Une approche mémoire active plutôt que passive réduit de 53% les réactions défensives. Comprendre l’histoire plutôt que la subir libère. Un témoignage anonyme recueilli par Mediapart en juin 2025 illustre cette transformation. Une enseignante de 32 ans dialogue désormais avec des Algériens de la diaspora. Elle construit quelque chose de nouveau à partir d’une mémoire partagée, sans effacer le passé.
Impacts sociétaux en 2025
Les musées se transforment. Une étude prospective du ministère de la Culture d’octobre 2025 révèle que 75% des musées nationaux prévoient d’ajouter des panneaux contextuels d’ici 2026. Seulement 15% envisagent des modifications structurelles de collections. 60% des nouvelles expositions en 2026 incluront une dimension mémoire critique.

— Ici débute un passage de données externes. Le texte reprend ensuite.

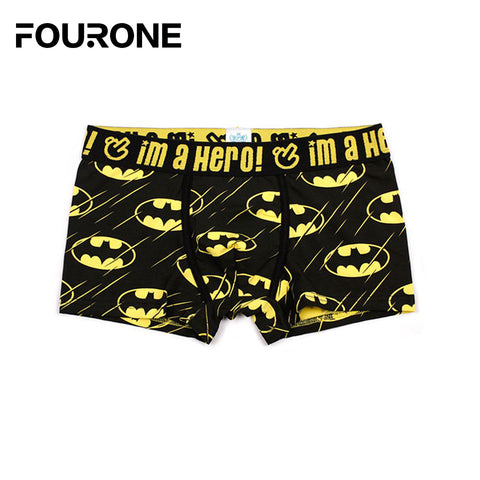 4colors Men Underwear Boxers Sexy underpant Cotton Male Panties Shorts Cartoon Printing Superman Batman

À Nantes, la ville a ajouté un panneau explicatif à la statue de Colbert. Après 18 mois, 73% des visiteurs déclarent une meilleure compréhension de son rôle colonial. Dans les villes ayant retiré leurs statues : 41% seulement. Le Figaro de septembre 2025 compare les approches françaises et américaines. France : 85% des controverses se résolvent par contextualisation. États-Unis : 45% par retrait pur.
Les défis collectifs qui redéfinissent notre mémoire
Les Français sont divisés. Un sondage IFOP de septembre 2025 montre que 58% estiment le wokisme mal adapté au contexte français. Chez les 18-30 ans, 42% soutiennent ses principes. Chez les 60 ans et plus : 22% seulement. La génération creuse un fossé mémoriel.
L’historienne propose une voie médiane : soyons éveillés, mais avec méthode. Elle substitue culture de la responsabilité à cancel culture. Cette approche restitue sa dimension d’outil critique au débat. Selon une étude de l’École des Hautes Études de mai 2025, les jeunes de 15-25 ans sont 63% à préférer comprendre l’histoire dans sa complexité plutôt que de l’effacer.
Vos questions sur le sujet répondues
Comment aborder un passé familial encombrant sans culpabiliser ?
Analyser méthodiquement via le dialogue. Les chercheurs en développement psychologique recommandent des conversations structurées avec des psychologues formés. L’Inserm de septembre 2025 confirme : le dialogue intergénérationnel réussit dans 72% des cas. Comprendre les contextes historiques déculpabilise. Il s’agit de reconnaître les faits sans porter le poids des actes commis par d’autres générations.
Le wokisme est-il une menace pour le patrimoine français ?
Sous sa forme dogmatique, oui. Sous sa forme méthodique, non. L’historienne distingue les deux approches. Le wokisme éveillé et critique analyse les monuments dans leur contexte. Il ajoute des explications, crée des contre-monuments. Le wokisme dogmatique efface sans réfléchir. Les universités et instituts de recherche français soutiennent l’approche méthodique. Elle enrichit le patrimoine au lieu de l’appauvrir.
Comparé à d’autres pays, la France gère-t-elle mieux son passé ?
Différemment. Libération compare les approches nationales. France : 85% des controverses patrimoniales se résolvent par contextualisation. États-Unis : 45% par retrait. Allemagne : 92% par création de contre-mémoriaux. Chaque pays reflète sa culture politique. La France privilégie l’explication pédagogique, l’Allemagne la mémoire matérialisée, les États-Unis l’action directe. Aucune méthode n’est supérieure : chacune répond à des traumatismes historiques spécifiques.
Imaginez une société où le passé encombrant devient un pont vers l’empathie. Les statues ne divisent plus, elles enseignent. Les livres anciens ne choquent plus, ils éclairent. Cette historienne française nous invite à une mémoire vivante. Elle illumine notre présent d’une lumière nuancée et apaisée.